Premium
The effect of undetected recombination on genealogy sampling and inference under an isolation‐with‐migration model
Author(s) -
Hey Jody,
Wang Katherine
Publication year - 2019
Publication title -
molecular ecology resources
Language(s) - English
Resource type - Journals
SCImago Journal Rank - 2.96
H-Index - 136
eISSN - 1755-0998
pISSN - 1755-098X
DOI - 10.1111/1755-0998.13083
Subject(s) - coalescent theory , recombination , biology , sampling (signal processing) , gamete , inference , statistics , filter (signal processing) , evolutionary biology , mathematics , statistical physics , algorithm , genetics , computer science , physics , phylogenetics , artificial intelligence , gene , sperm , computer vision
Many methods for fitting demographic models to data sets of aligned sequences rely upon an assumption that the data have a branching coalescent history without recombination within regions or loci. To mitigate the effects of the failure of this assumption, a common approach is to filter data and sample regions that pass the four‐gamete criterion for recombination, an approach that allows data to run, but that is expected to detect only a minority of recombination events.
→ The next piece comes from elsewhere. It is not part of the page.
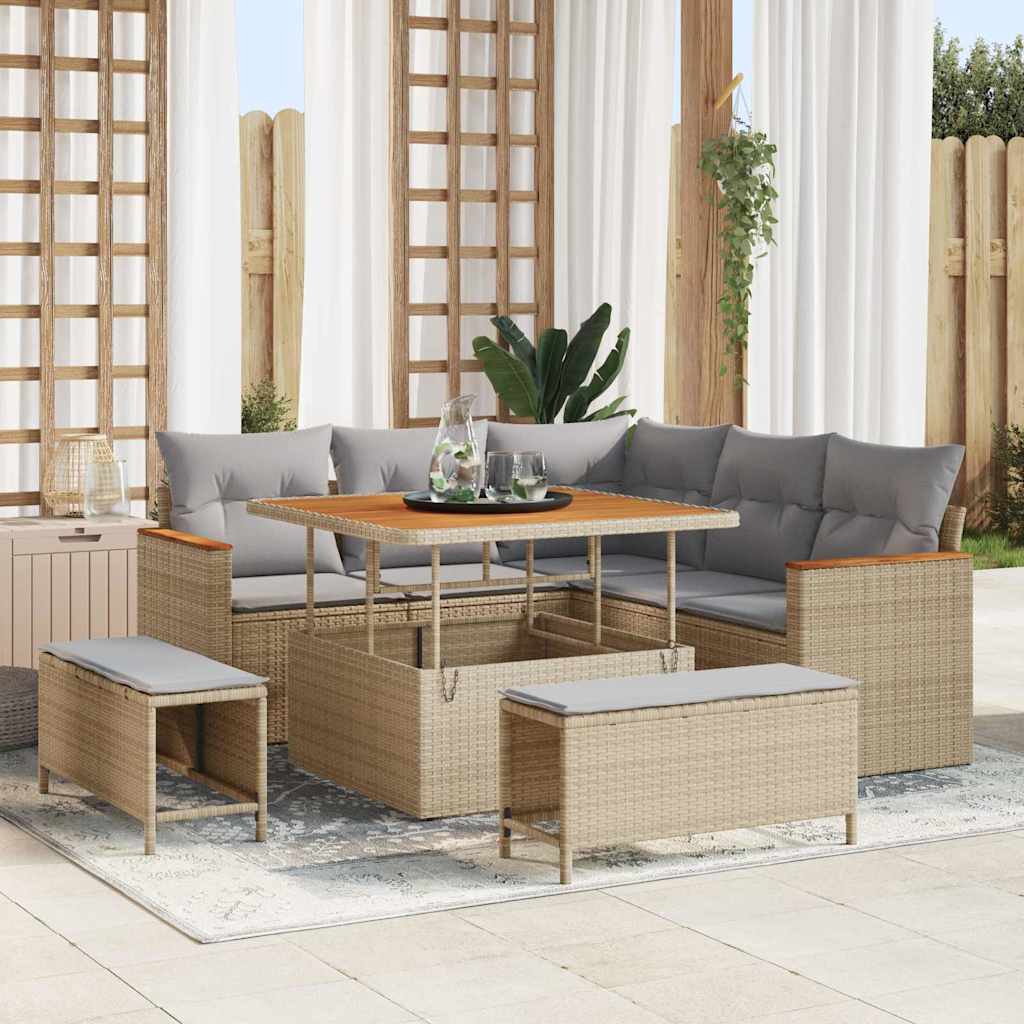 Gartensofa-set 8 stk. 5-Sitzanzahl Beige Poly Rattan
A series of empirical tests of this approach were conducted using computer simulations with and without recombination for a variety of isolation‐with‐migration ( IM ) model for two and three populations. Only the IM a3 program was used, but the general results should apply to related genealogy‐sampling‐based methods for IM models or subsets of IM models. It was found that the details of sampling intervals that pass a four‐gamete filter have a moderate effect, and that schemes that use the longest intervals, or that use overlapping intervals, gave poorer results. A simple approach of using a random nonoverlapping interval returned the smallest difference between results with and without recombination, with the mean difference between parameter estimates usually less than 20% of the true value (usually much less). However, the posterior probability distributions for migration rates were flatter with recombination, suggesting that filtering based on the four‐gamete criterion, while necessary for methods like these, leads to reduced resolution on migration. A distinct, alternative approach, of using a finite sites mutation model and not filtering the data, performed quite poorly.